Science legitimizes the profession of Strength & Conditioning. It provides the evidence to validate (to sport coaches, administrators, athletes, parents) one's methods. Science makes it difficult to dispute evidence-based methods, thus assisting the Strength & Conditioning professional in changing a culture based strictly on old habits and flawed belief systems.

Question 9
With the internet and marketing today on a host of products how can the Strength & Conditioning specialist evaluate the veracity of information in today's field?

Plisk: Please see response #6.

Taylor: Most of the same principles stated in the question regarding evaluating information can be applied here:

- Consider the source. Is it authoritative?
- Consider the accuracy. What does the science say?
- Consider the scope of coverage. Is information on the product updated or substantiated with other information? What experiences have other professionals had with the product?
- Consider the objectivity of the information. Is there possible advertising influence as well as underwriting of the product?
- Evaluate information/products with a critical mind.

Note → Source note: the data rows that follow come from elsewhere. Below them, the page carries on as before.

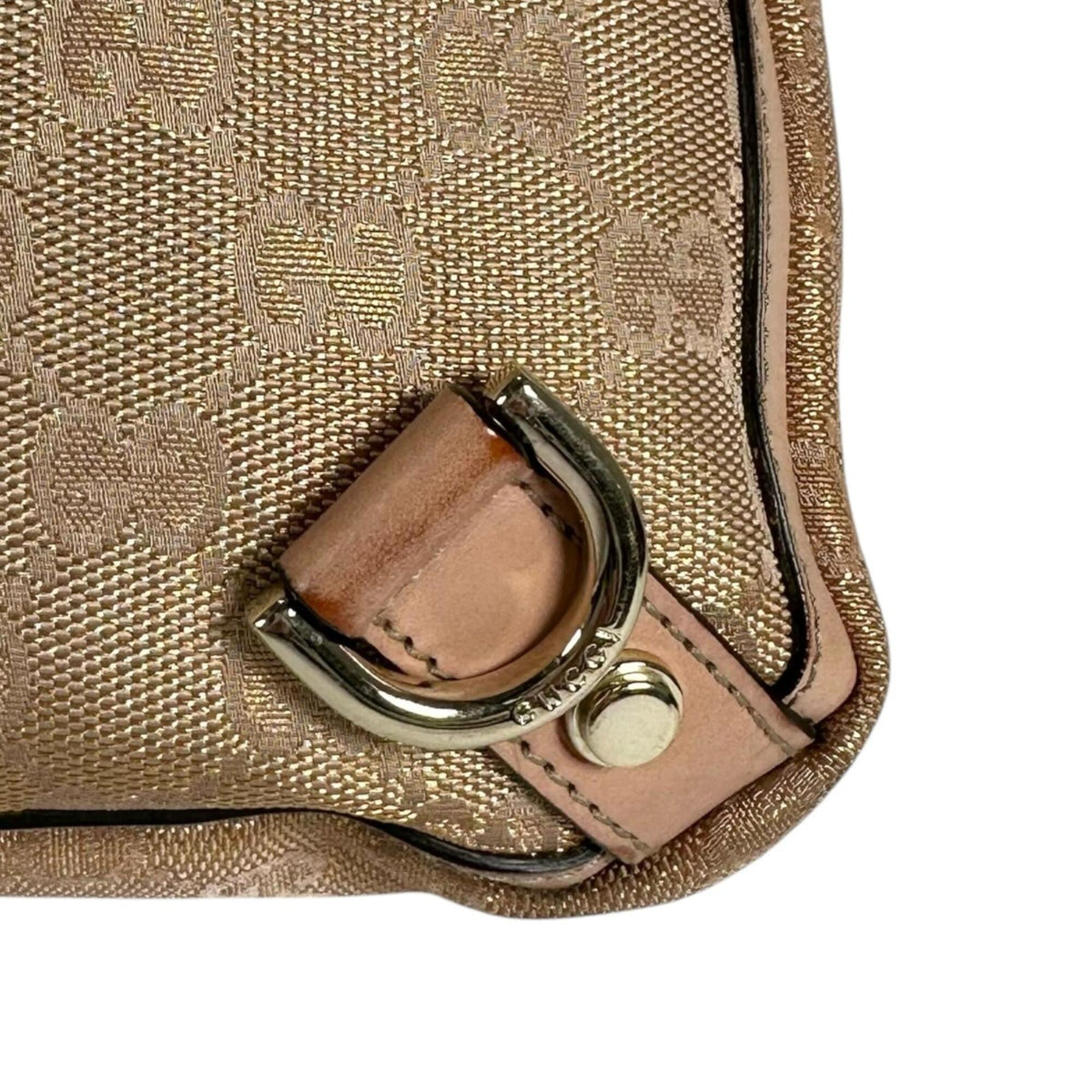 Gucci Gold Pink Beige Gg Canvas Tote Bag (Pre-Owned)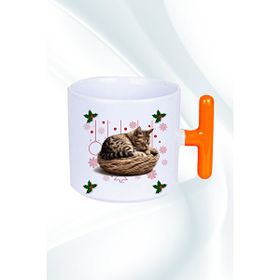 Caisya Yeni Yıl Uykucu Kedi T Saplı Turuncu Baskılı Kupa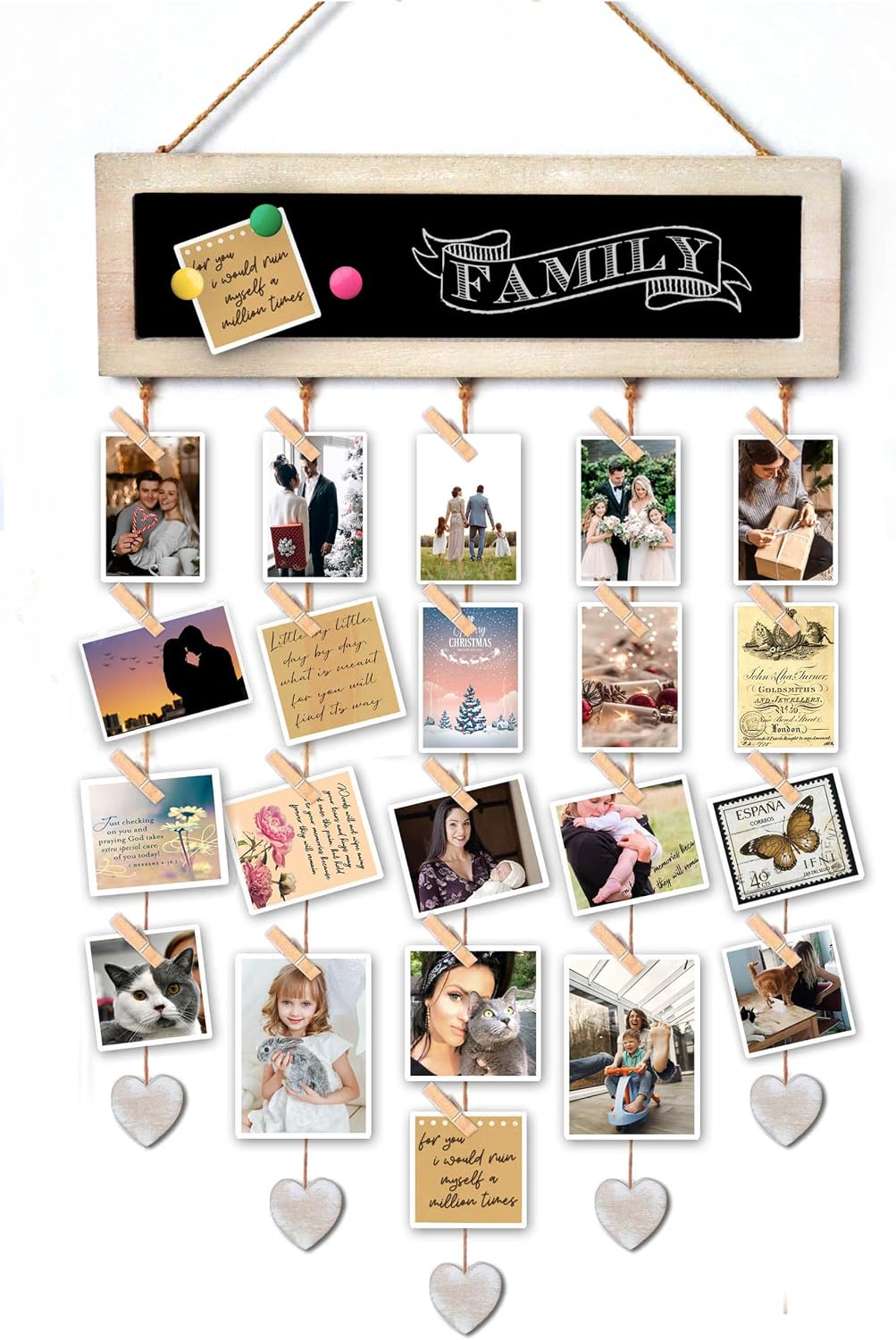 Rustic White Wood Collage Picture Frames Magnetic Chalkboard with 30 Clips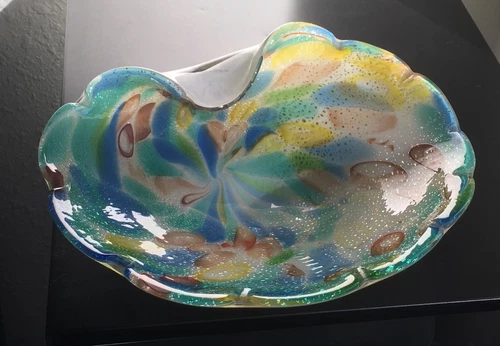 Vintage MCM large tutti-frutti Murano glass clamshell-style bowl ashtray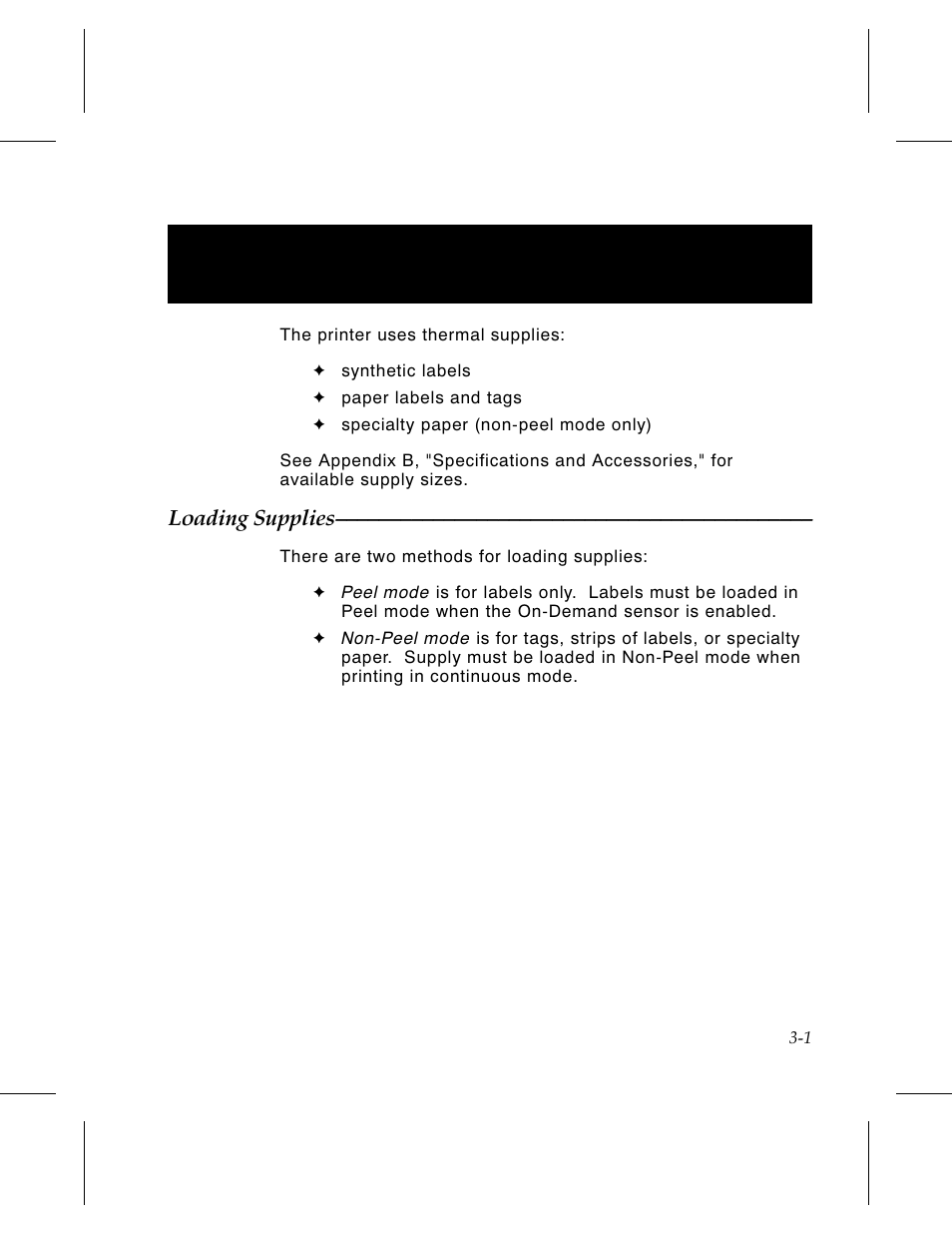 Chapter 3. loading supplies 3-1, Loading supplies 3-1, Chapter 3. loading supplies | Avery Dennison 6030 Operator Handbook User Manual | Page 15 / 92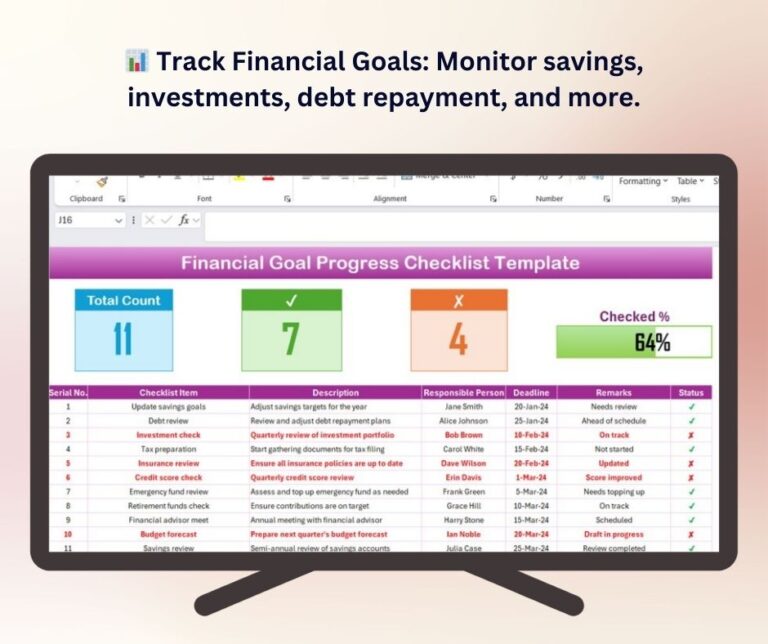 Financial Progress Sample Financial Goal Progress Checklist Template in Excel - Next Gen Templates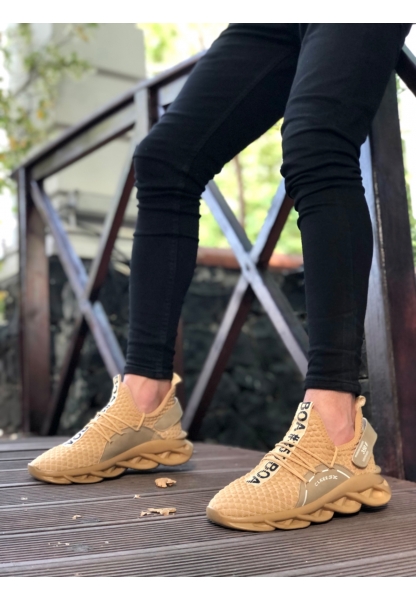 BA0350 Yüksek Taban Tarz Sneakers Cırt Detaylı Krem Erkek Spor Ayakkabısı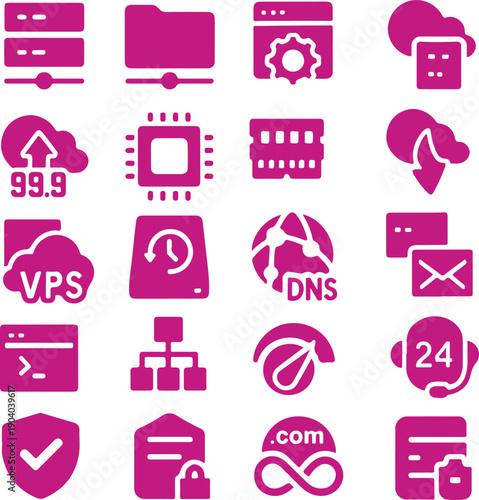 Collection of icons representing various web hosting and internet services isolated on white background, illustration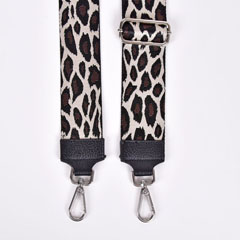 Taschengurt Taschenriemen Leoparden Muster 5 cm -schwarz braun beige-silber Schnallen
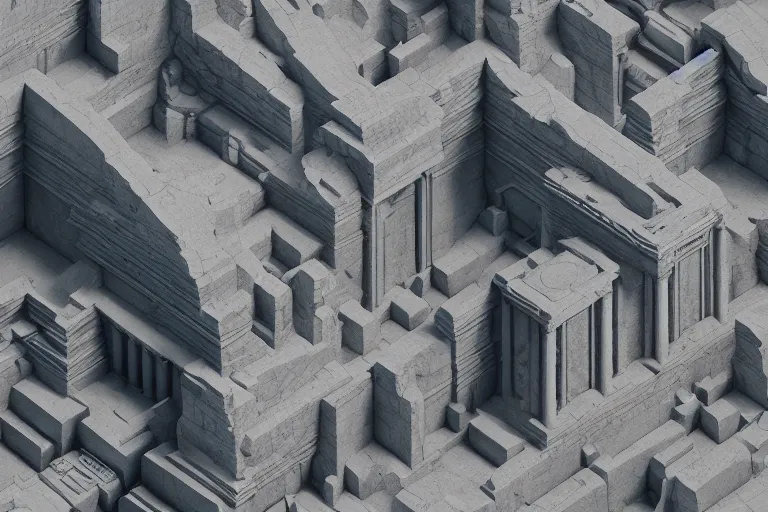 Image similar to depthmap of geometric ancient temple, elegant, highly detailed, smooth, sharp focus, beautiful, geometric, trending on artstation, cinematic, artwork by WLOP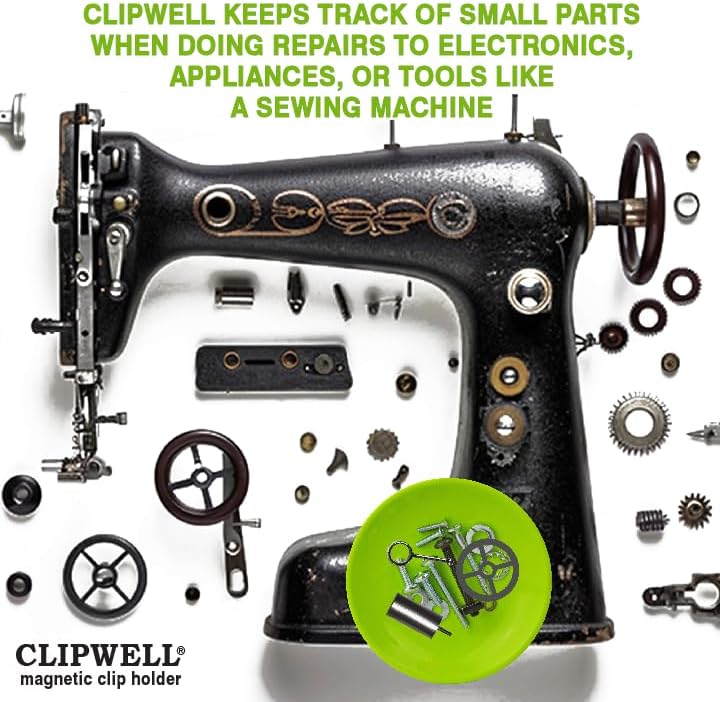 Clipwell Magnetic Paper Clip Holder - Easy Toss & Pick-Up - Holds Various Metal Parts - Powerful Sweep-Up Magnet - Ideal Locker Accessory & Home & Office Organizer - Lime Green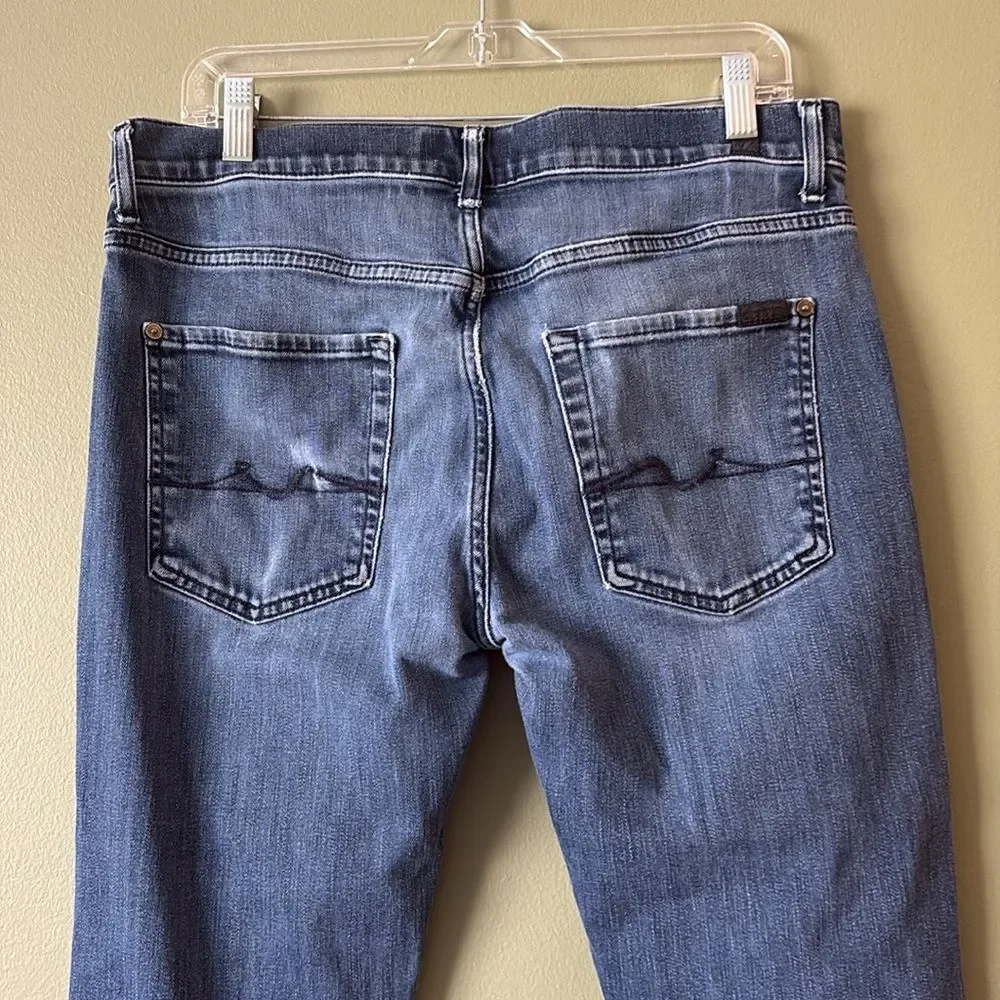 7 For all Mankind The Straight Men's Medium Wash Denim Jeans Sz 33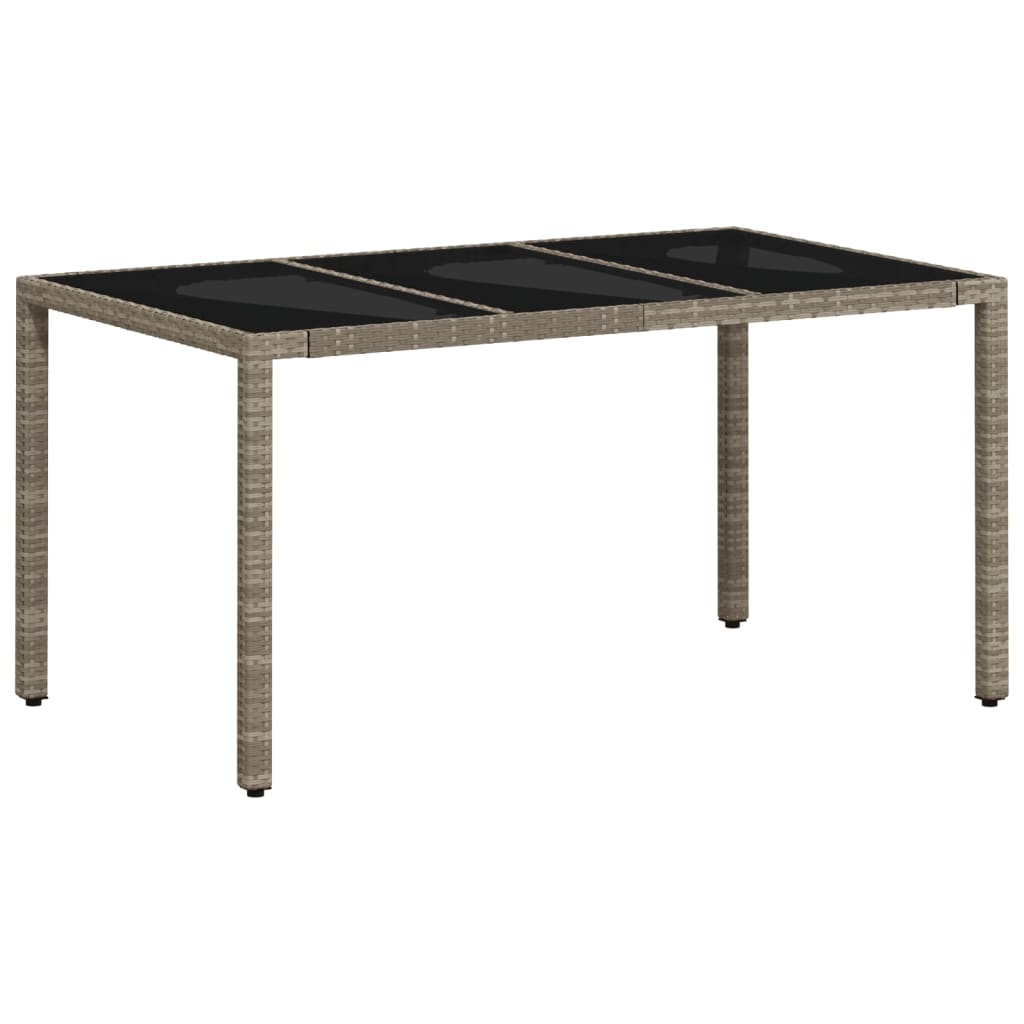 Gartentisch 150x90x75 cm Hartglas und Poly Rattan Schwarz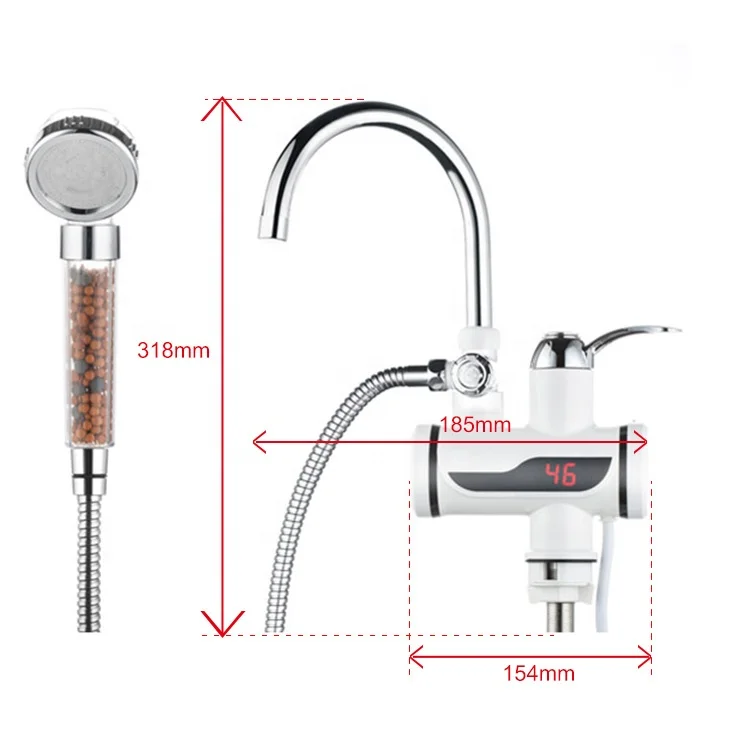3000W Wholesale Bathroom Instant Electric Water Heater Shower Faucet Mixer With Spray Head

Afterthought: A Call For Best Practices

Before proceeding, I'd like to suggest going back through the questions one more time without reading the posted answers.

This is not the last word on the subject, but I think #9 brings us to the motherlode: The key to evaluating information — and more broadly, to improving practice through science — is to be disciplined enough to first consider the right questions; and then take a "best practices" approach to finding the answers. Asking the right questions begins with not settling for cookbook solutions or menus of drills. Basically, it means asking why and how instead of just what.

I know, best practices is a buzzword that gets hackneyed all over the place. But when you unpack this term, you'll find some pretty powerful ideas. For one thing, it takes you to a place that's principled as well as evidence-based — two extraordinary things to be. I'm not talking about just reading some research studies or trying to do the right thing in a vague sense.

Here's What I Am Talking About

Spell out a set of principles that you have enough conviction in to write down, post in plain view for all to see, and explain in terms a child could understand. The good news is that you don't need to invent these from scratch. When you consider the big picture, a time-honored and battle-tested set of training principles emerges. You can tell you're onto something special if they seem like no-brainers when considered individually, but involve some challenging trade-offs or paradoxes when considered collectively.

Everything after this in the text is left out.